Originally published  July, 1995
by Carlo Kopp
1995, 2005 Carlo Kopp

The performance of SCSI devices is an area which is generally not well understood in the wider computing community, which has in turn produced a situation where commercial hype very often becomes the deciding factor in determining equipment selection. This is unfortunate, because a little insight can often go a long way to resolving uncertainties in this important area of system performance.

This discussion will focus on the performance of SCSI disks, because these ultimately become a key constraint to overall system performance, unlike ancillary peripherals such as tape drives or CD-ROM drives. Because the latter devices are usually much slower than modern disks, both in access time and transfer rate, their performance will be constrained almost wholly by the device rather than the interface.

Earlier features examined the performance of Unix filesystems, and the inner workings of the SCSI bus. This feature will attempt to build on what was discussed in earlier issues, in the hope of providing the reader with a solid insight into the central technical issues.

SCSI Disk Performance

SCSI Disks are intelligent devices, as the disk drive has an embedded controller which is usually built with either a microprocessor or a custom controller chip. In practice most drives can be broken down into a sealed head/disk assembly (usually termed a HDA) and a "logic" board, which contains not only the electronics which control the motor and drive the heads, but also the aforementioned bus interface.

The last 5 years have seen considerable gains in the sophistication of the electronics embedded in a SCSI disk drive. Most change has occurred in the SCSI interface, which has in most instances become more intelligent, thereby supporting a much larger SCSI command set, and faster, by virtue of support for fast or fast and wide SCSI-2 protocol.

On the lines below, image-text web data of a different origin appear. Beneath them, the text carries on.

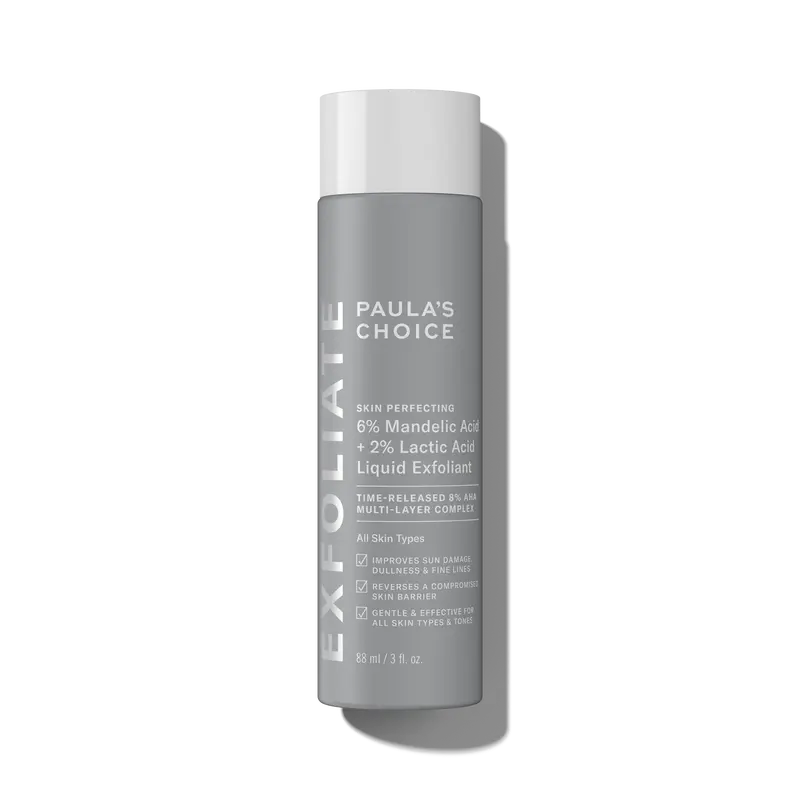Paula's Choice SKIN PERFECTING 6% Mandelic Acid + 2% Lactic Acid Liquid Exfoliant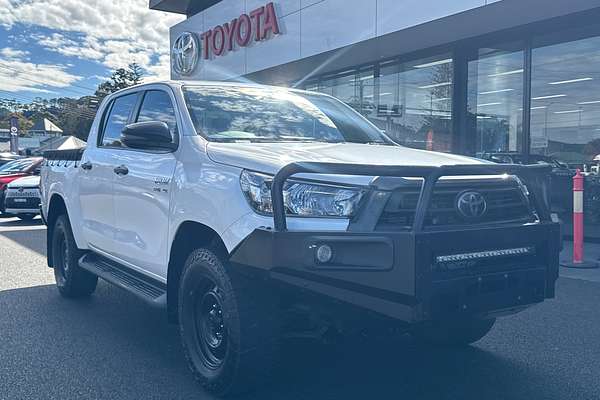 2022 Toyota Hilux SR GUN126R 4X4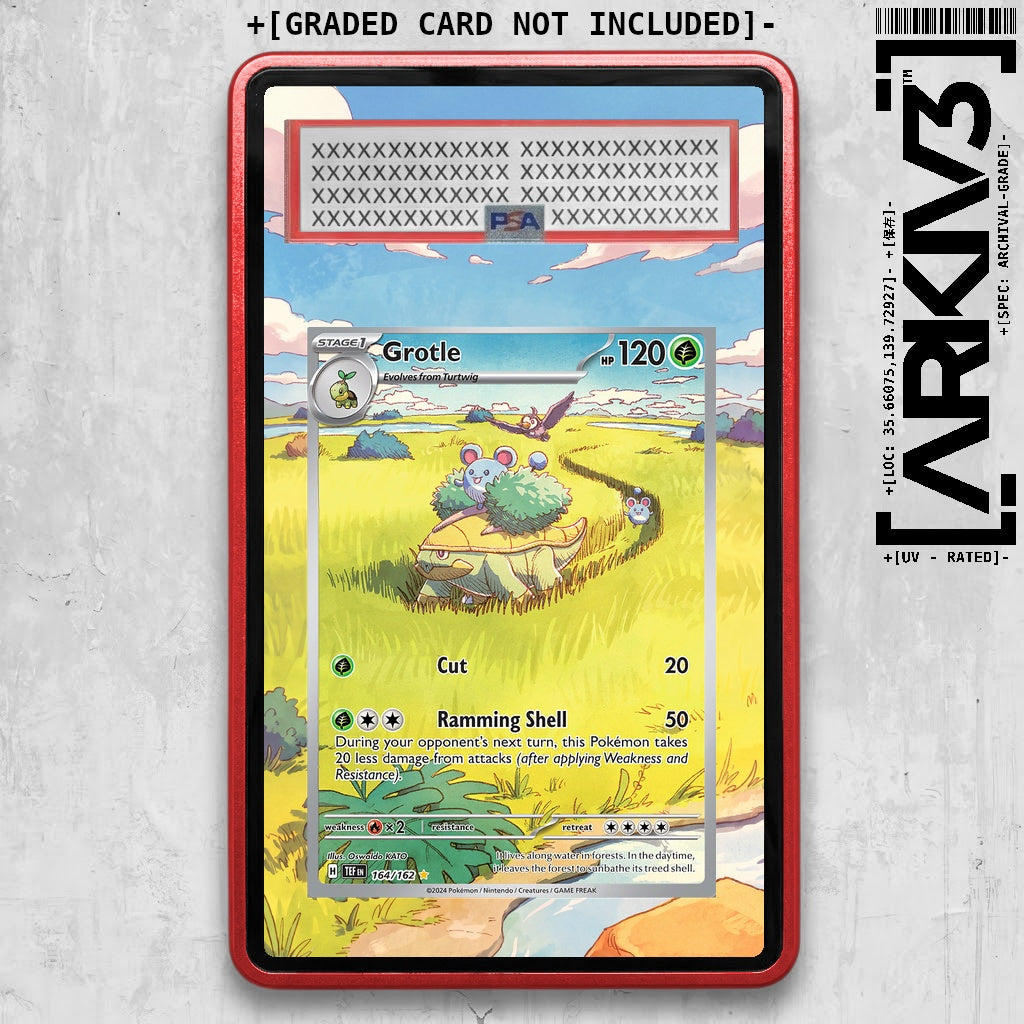 ARKIV3 PSA graded front - Red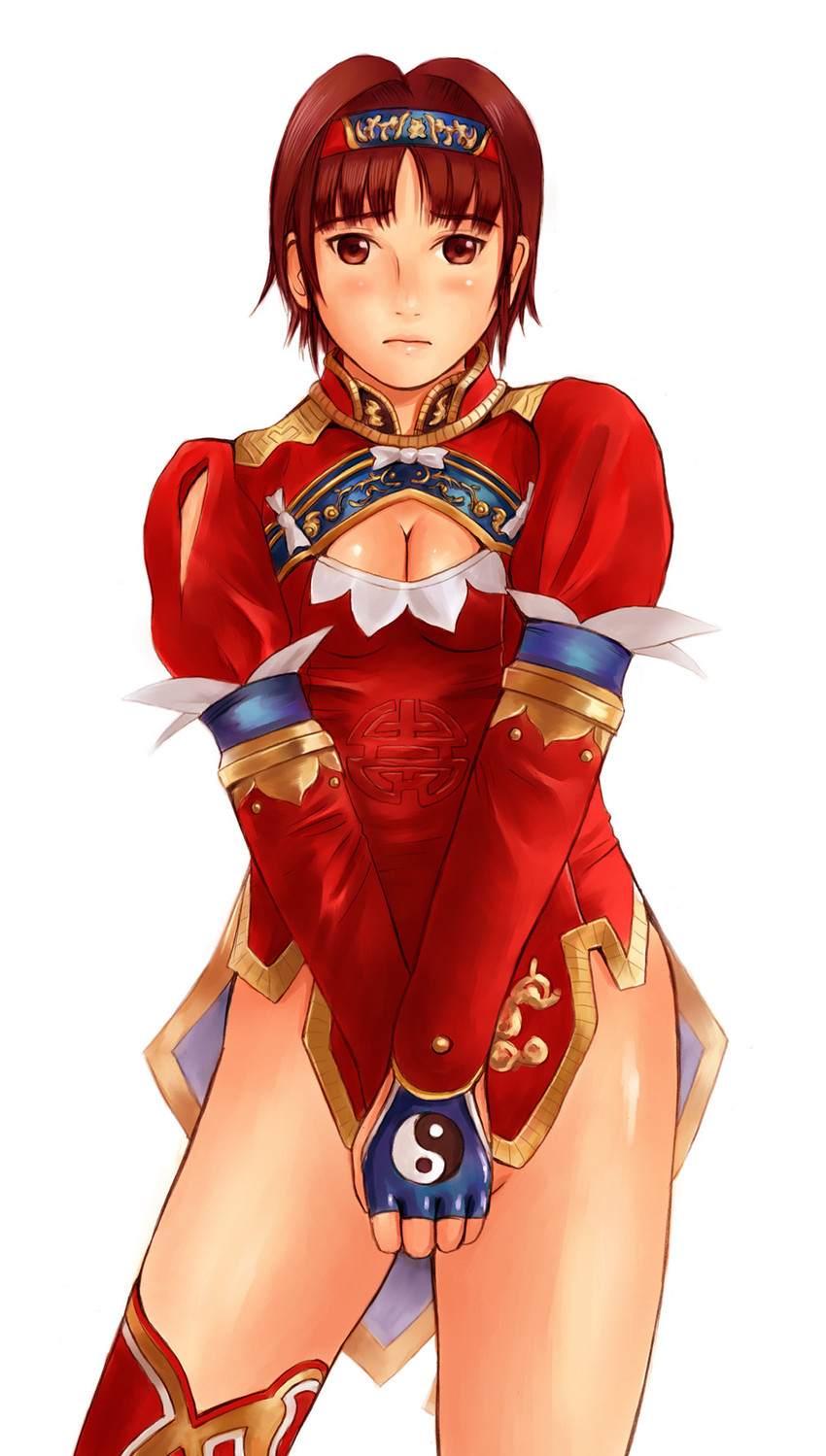 chai xianghua (soulcalibur and 1 more) drawn by mimura_kaoru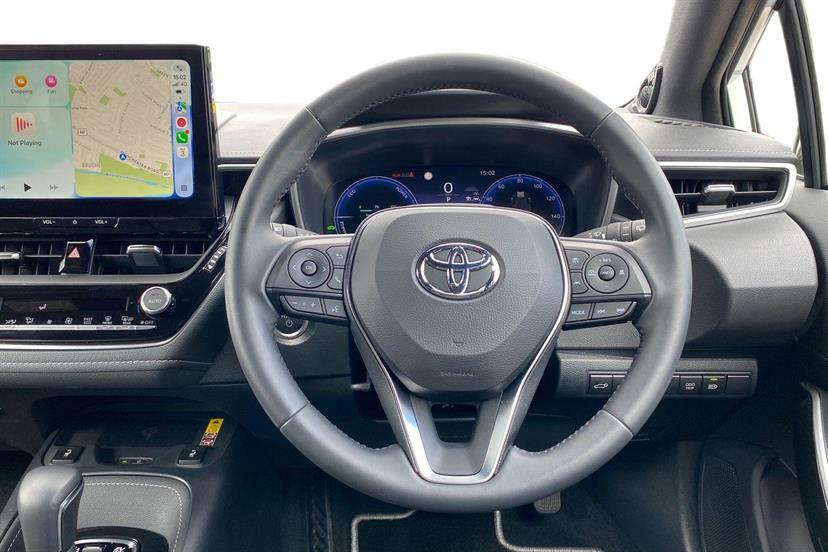 Toyota Corolla 1.8 Hybrid Excel Cvt White #6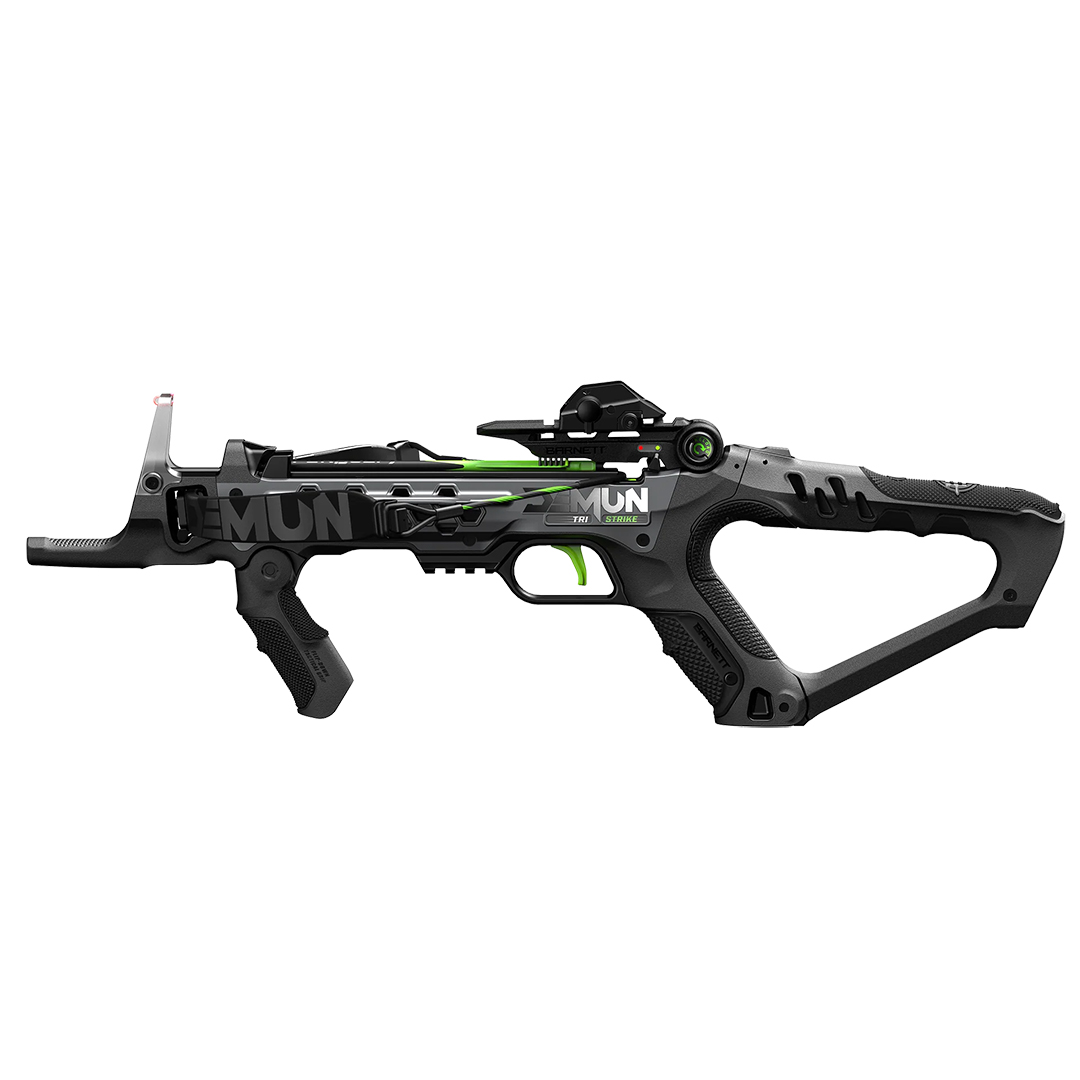 Barnett Crossbow Pistol Demun Tri Strike Compact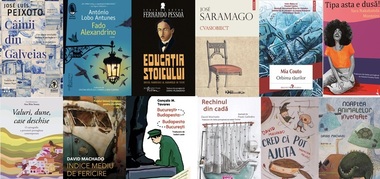 Cărţile autorilor portughezi, în topurile de vânzări la Bookfest 2025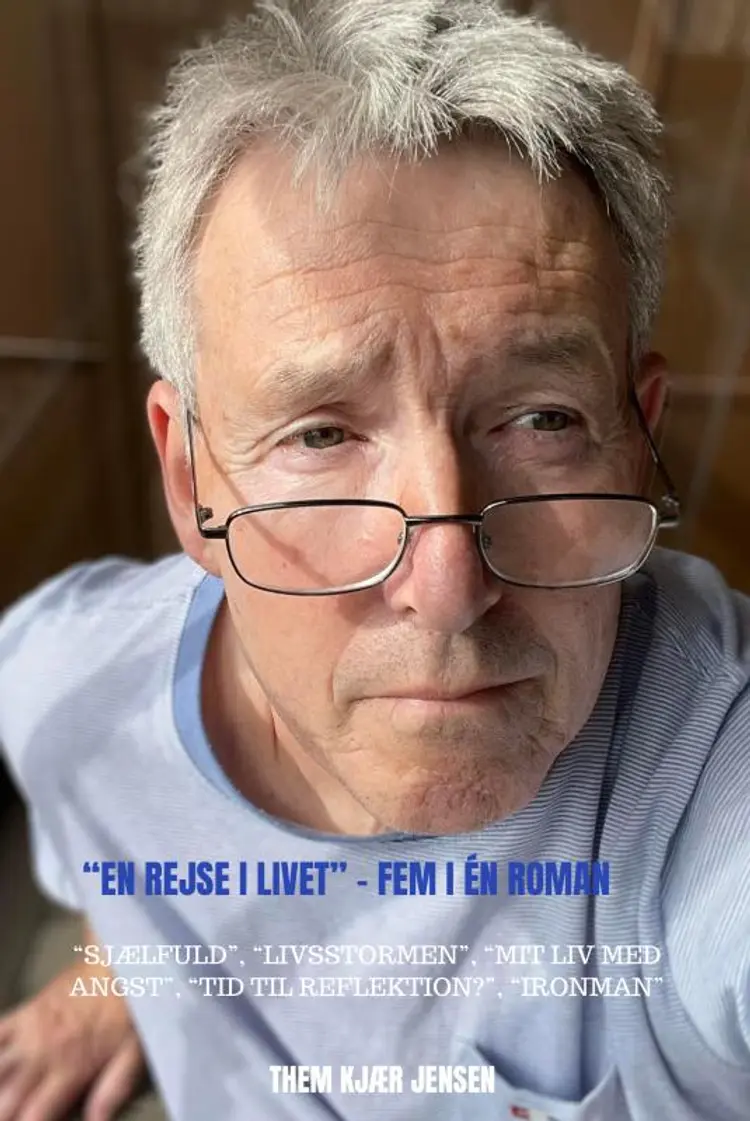“En rejse i livet” - fem i én roman af Them Kjær Jensen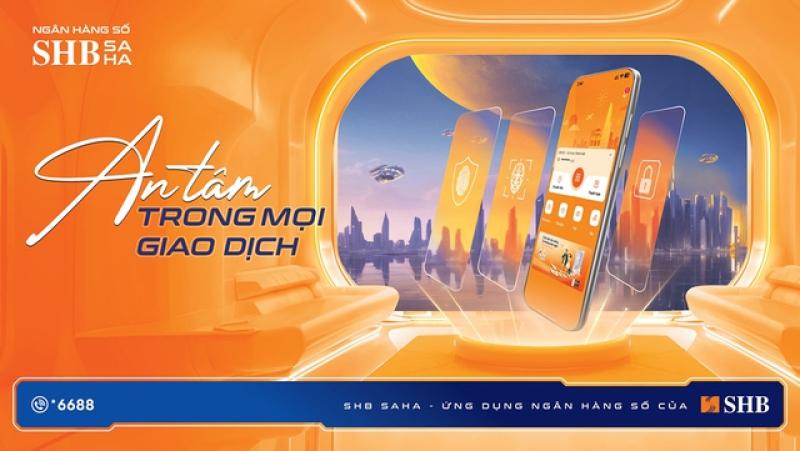 SHB ra mắt ứng dụng ngân hàng số mới SHB SAHA: An tâm trong mọi giao dịch- Ảnh 1.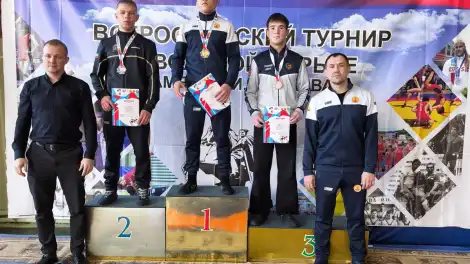 Борцы из Нижнекамска взяли четыре медали на двух турнирах в Чебоксарах - телеканал НТР 24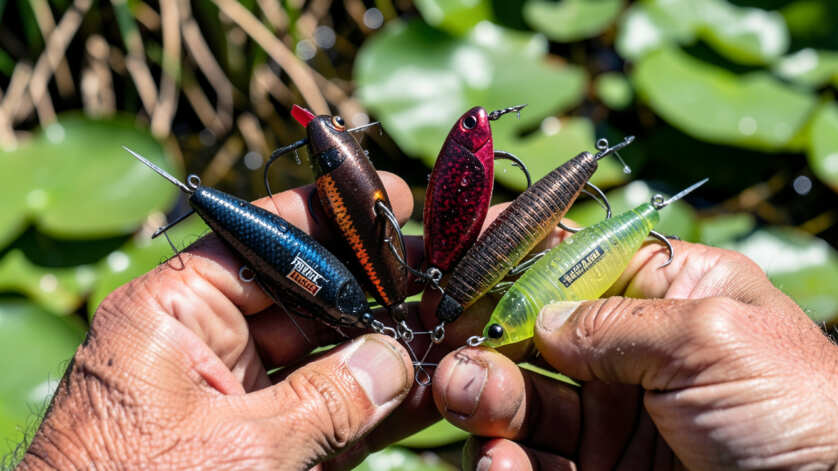 Choosing the Right Lures for Flipping
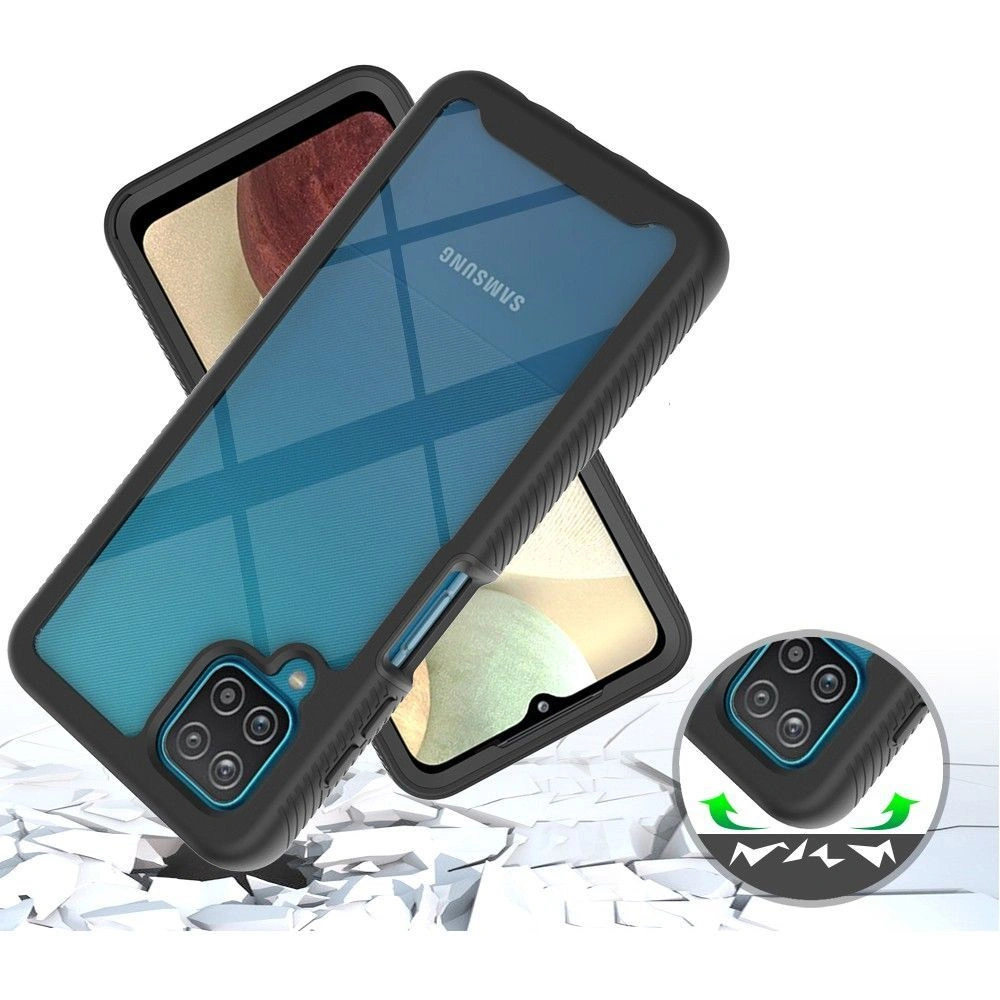 Hurtownia GSM - Etui Tech-Protect Defense360 Samsung Galaxy M12 černé - THP435BLK - {ean13} - Hurt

The area in the disk drive which has received less publicity than it perhaps should have is the now almost ubiquitous disk cache. The cache in a modern SCSI disk drive is analogous in function to the caches which have become commonplace on modern processor boards.

The central idea of all caching is to provide a small and very fast, in comparison with the main storage, memory. Whenever a block is read, the cache controller logic first looks into the cache, to see if the block is already sitting in cache. If it is in the cache, it can be read immediately, if not the drive must locate the block, and then read it. In the latter situation, a copy of the block is then tucked away in the cache.

The significance of the cache lies in its much faster access time. Finding a block on a disk drive platter surface is a long and tedious task, if one thinks in the timescales otherwise applicable to modern computer hardware. To seek the heads across the whole surface, say from the outermost to the innermost track, takes typically 20 to 30 milliseconds of time. The head must then sit over the track in question until the block in question passes beneath it, at which time the data is read off the surface serially. Accessing a cache, on the other hand takes tens to hundreds of nanoseconds, ie a factor of about 200,000 times faster. The time overhead of the SCSI bus transfer is not significant, in comparison the the HDA access time.

Drive Head Disk Assembly Performance

While the drive cache will in many instances successfully mask the performance limitations of the HDA, where the block is not cache resident the performance of the HDA dominates the access time of the drive. Drive manufacturers usually specify the following parameters when quantifying the performance of a drive HDA.

  • track-to-track seek time is the time it takes for the drive heads to reposition themselves from an arbitrary track to its immediate neighbour.

  • worst case seek time is the time it takes for the drive heads to reposition themselves from one extremity of the platter surface to another.

  • rotational latency is the time it takes for an arbitrary block to rotate under the drive heads.

  • access time is the sum of the required seek time and the required rotational latency to access a block.

As is immediately obvious, the time to access an arbitrary block is dependent both upon the block's relative angular position on the surface, and upon how many tracks must be jumped to access the block. This effect is termed the geometrical dependency of access time. If the block is geometrically near to the heads, the access time will be much shorter than if it is far away.

The mechanical nature of the disk drive imposes fundamental constraints as to how much access time can be improved. Seek time can be shortened by using a more powerful actuation motor and lighter heads and their supporting arms. Improvements in this area have resulted in about a twofold improvement in seek times, over the last decade or so. Smaller drive geometries are the biggest factor here, as this allows both smaller head machinery as well as lesser distances to traverse.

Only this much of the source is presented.